# Delorme inreach question



## Paul7 (Aug 14, 2012)

Thinking about picking one of these up but wondering if a newer model is coming anytime soon. 

Sent from my SM-G900V using Mountain Buzz mobile app


----------



## yojimbo (Oct 12, 2003)

Well, Garmin just bought Delorme according to a billing email I just got. Not sure what that means for product development/release down the road.

The InReach seems like a good tool although I have only used it for happy messages so far.

"Dear inReach Subscriber,

We are writing to inform you that DeLorme Publishing Company, Inc. and DeLorme inReach, LLC have been acquired by Garmin, a global leader in navigation and communication. We are excited to help leverage our expertise into enhancing our combined product line. 

As a current subscriber to DeLorme's inReach service, you will keep your current subscription under the same terms and for the same duration, and there will be no change in the services that inReach provides. 

Going forward, your billing invoices will originate from InReach, Inc. instead of DeLorme inReach."


----------



## HPMG (Nov 2, 2008)

I have had the Inreach SE since released and have been quite happy with it. Subscription plan is reasonable, keep it on year round on the minimum. Battery life is great, but I do not use it for tracking just sending OK messages in the morning/evening. Keeps my wife and kids happy when they're not along. It is tedious using the cursor to type out a custom message. Some times it does take quite a long time to send a message though even with a good view of the sky. Hoping that emergency messages get more of a priority???? Having this along with a PLB might be a good idea.

Talked to a hiker on the JMT that had the unit with the included GPS and said it wasn't great...better to put the money into a Etrex/similar.
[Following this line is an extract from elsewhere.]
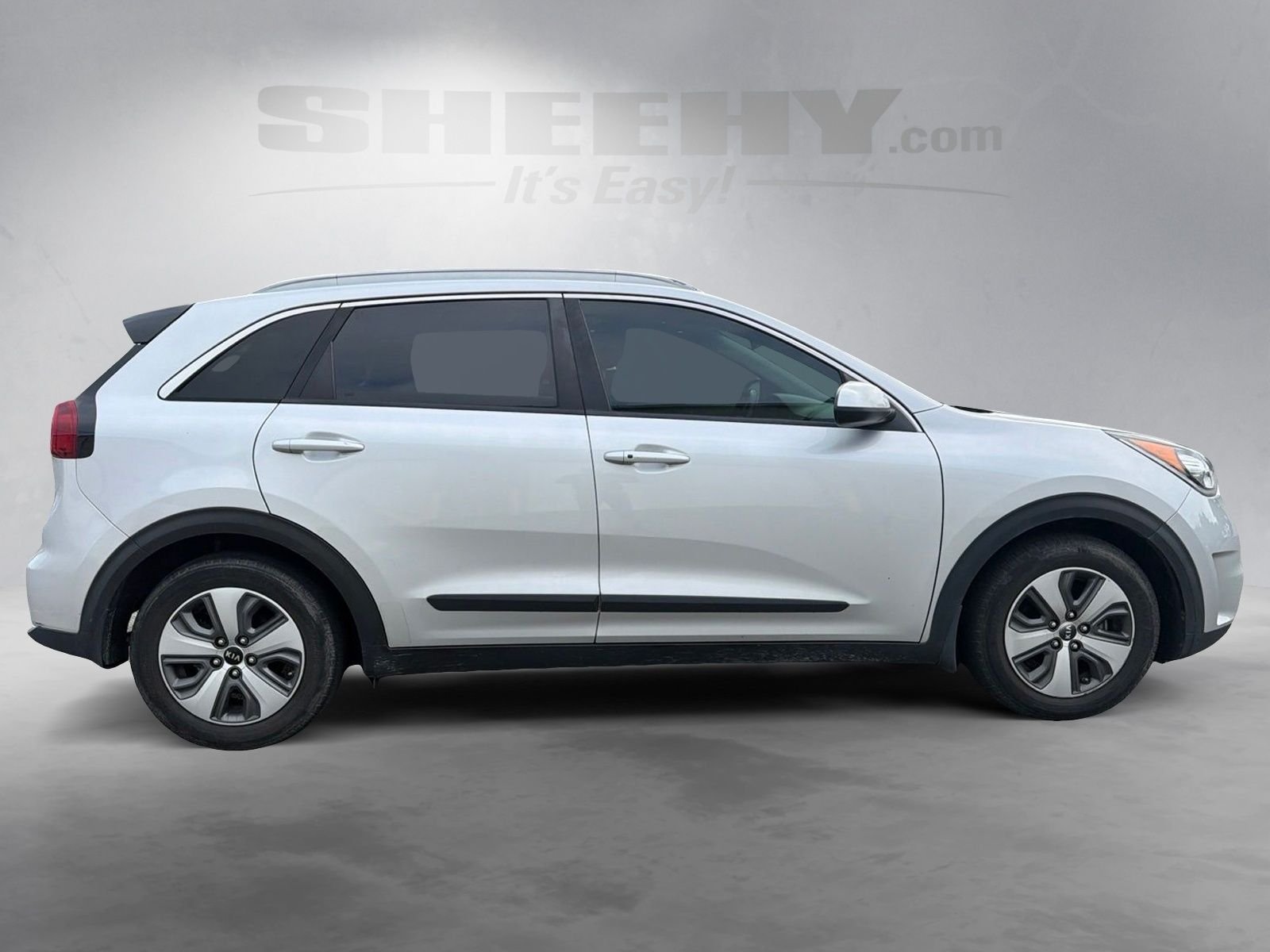 Used 2019 Gray Kia LX image 10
Got the email on the Garmin acquisition....hope they don't shake it up too much, but maybe it will get better.......


----------



## nessles (Sep 8, 2011)

Paul7 said:


> Thinking about picking one of these up but wondering if a newer model is coming anytime soon.
> 
> Sent from my SM-G900V using Mountain Buzz mobile app


Also not sure what the word is on updates considering the recent acquisition. I did do a quick comparison of the inReach vs the SPOT recently though, (Choosing a Satellite Device: DeLorme inReach SE vs. SPOT Gen3) and figured it might be useful if you're shopping around. There are seasonal discounts on the inReach ($50 off) sometimes, so it could be worth waiting if it's not time sensitive.


----------



## HPMG (Nov 2, 2008)

Sorry Paul, missed that you were looking for info on a "new" version and went straight into review mode.....No inside info here, but if they do make some changes I hope it has to do with entering text. That is my biggest complaint, a touch screen with keyboard would be ideal, but that would probably eat up batteries....
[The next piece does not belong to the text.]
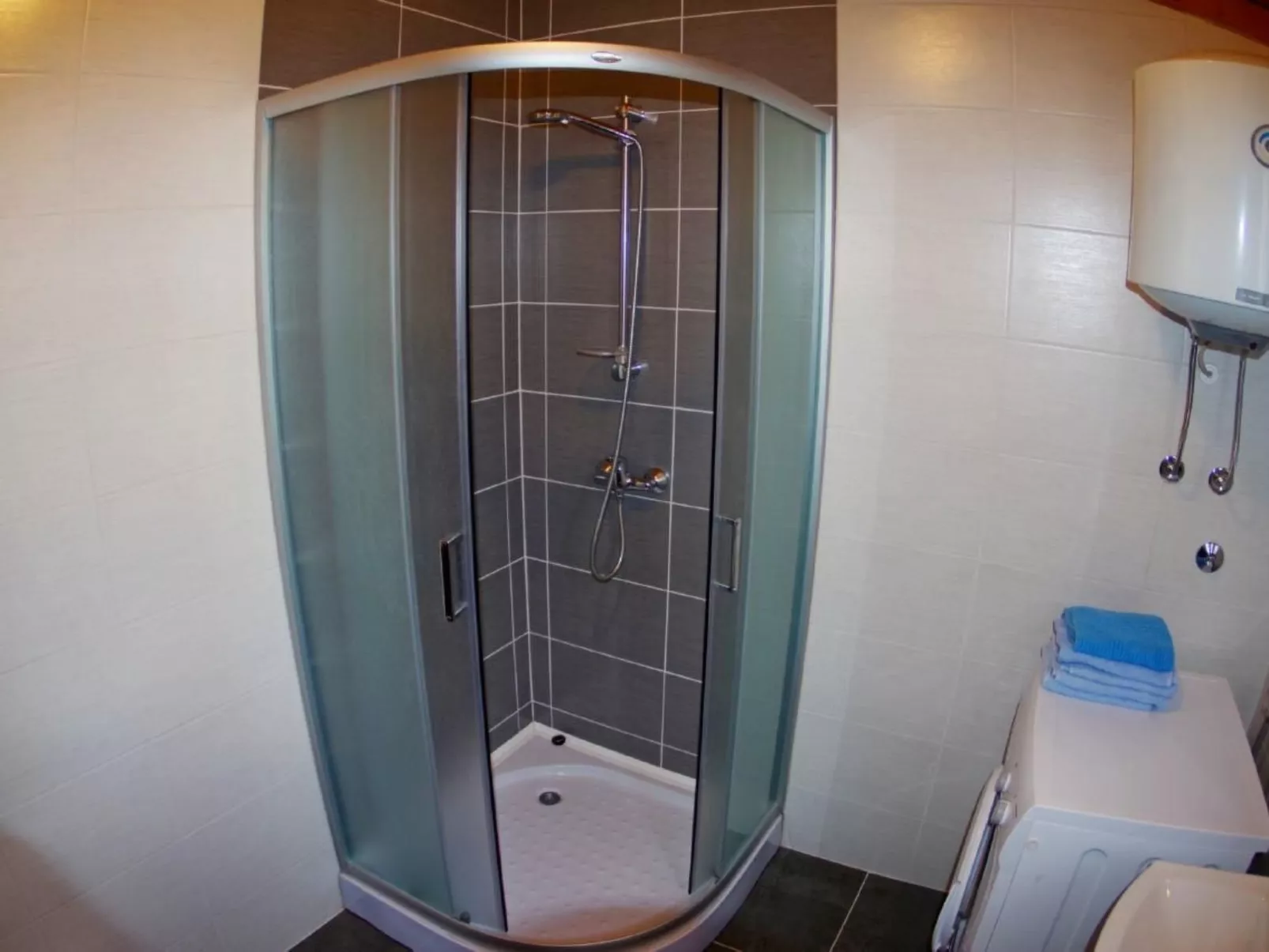 Mit privatem Schwimmbad-Binnen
I think they offer the antenna that can be paired with a smart phone, has anyone tried that setup?


----------



## Paul7 (Aug 14, 2012)

My biggest concern is buying one and then having Garmin integrate the technology into something really cool. I bet that's down the road though as it would take time to integrate two companies and technology. I really like the two way messaging capabilities of the inreach. Can think of so many times having that ability would have been so helpful. 

Sent from my SM-G900V using Mountain Buzz mobile app


----------



## MrScamp (Mar 19, 2013)

I love mine. I hope they don't F' it up.


----------



## theusualsuspect (Apr 11, 2014)

HPMG said:


> I think they offer the antenna that can be paired with a smart phone, has anyone tried that setup?


Connect mine via bluetooth and use the earthmate app to send messages and use the gps functions. I really like mine and think that using the app is a necessity for convenience. Downside is now you have 2 devices but I usually leave the inreach in my bag or something and my phone within easy reach.


----------